Start of PROVIDED DATA

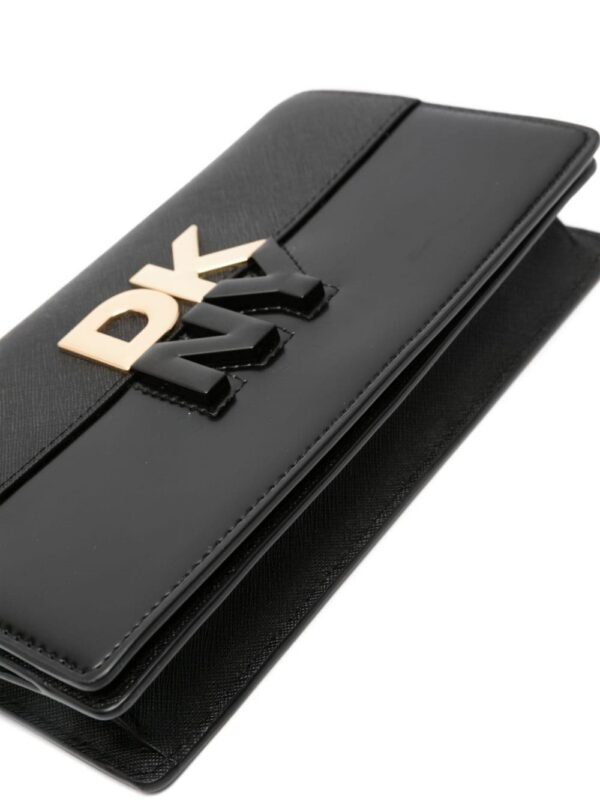 23922114_54067579_1000.jpg DKNY logo-lettering clutch bag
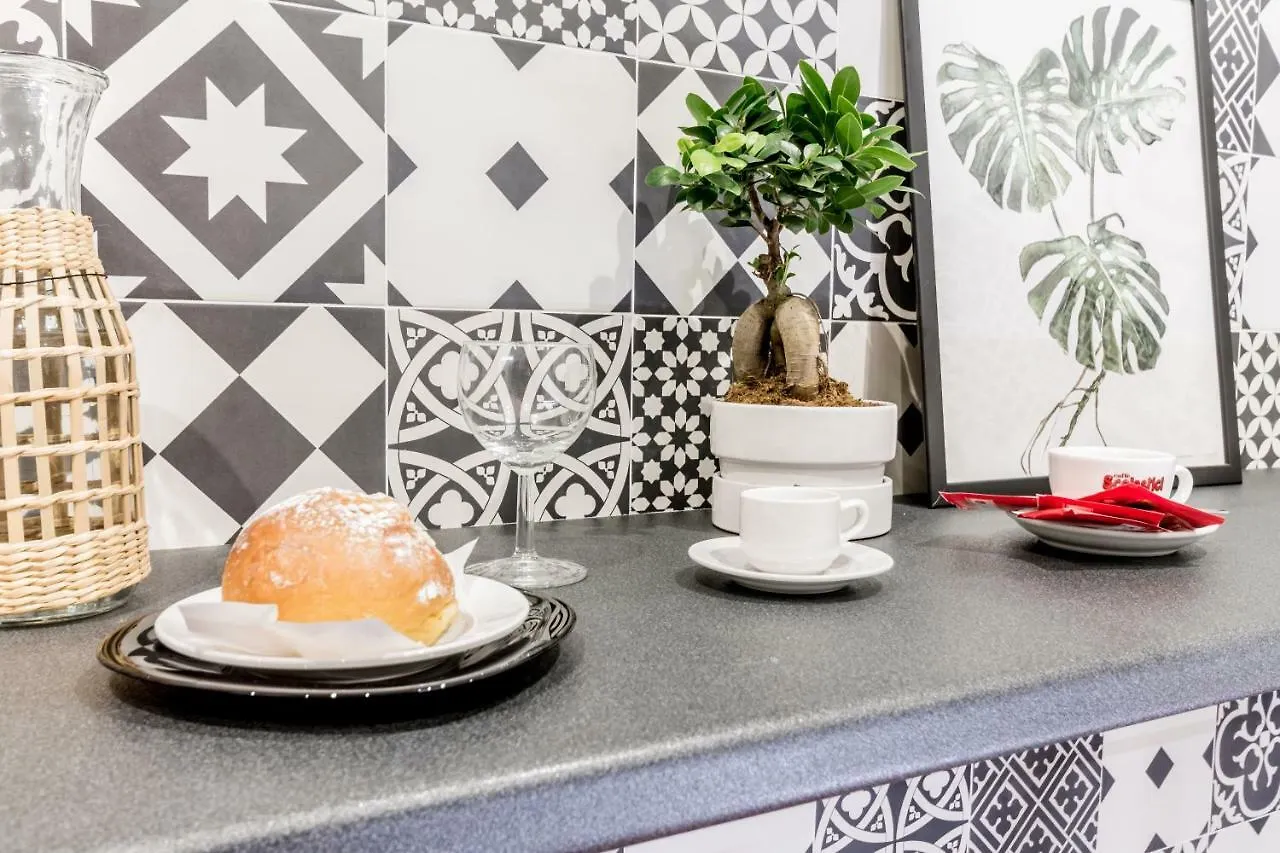 Affittacamere Marconi 94 - Apartment&Private Rooms Roma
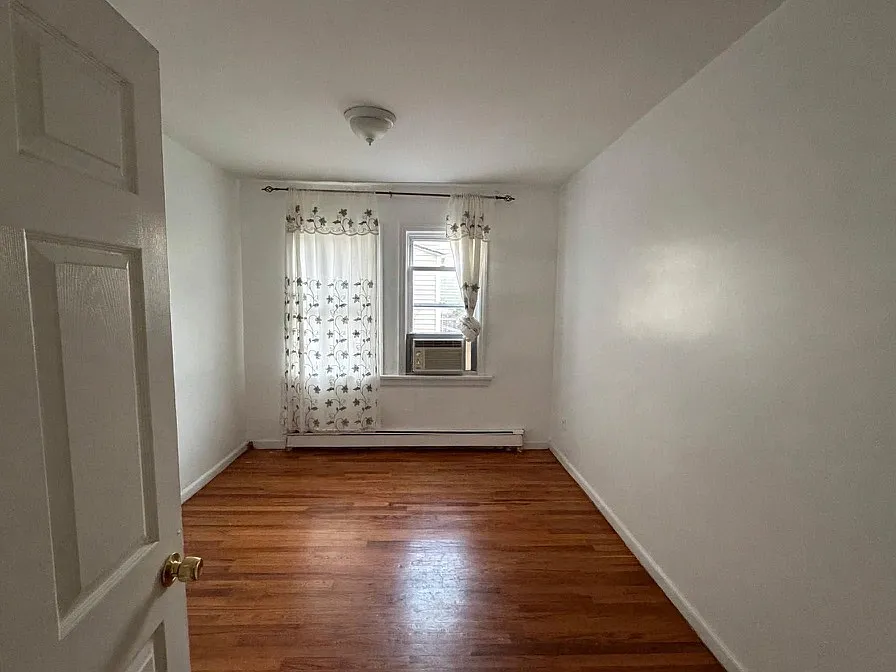 3 bed, 550 sqft, $2,350 — Photo 2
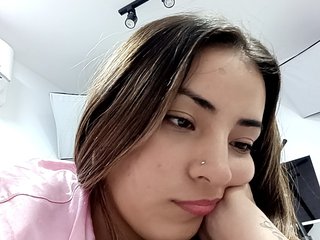 BellaSaint Porn Show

End of PROVIDED DATA

**PROBLEM REQUIREMENTS:** Write out the data word for word, with every picture dropped.

**FINAL ANSWER:**
 23922114_54067579_1000.jpg DKNY logo-lettering clutch bag
 Affittacamere Marconi 94 - Apartment&Private Rooms Roma
 3 bed, 550 sqft, $2,350 — Photo 2
 BellaSaint Porn Show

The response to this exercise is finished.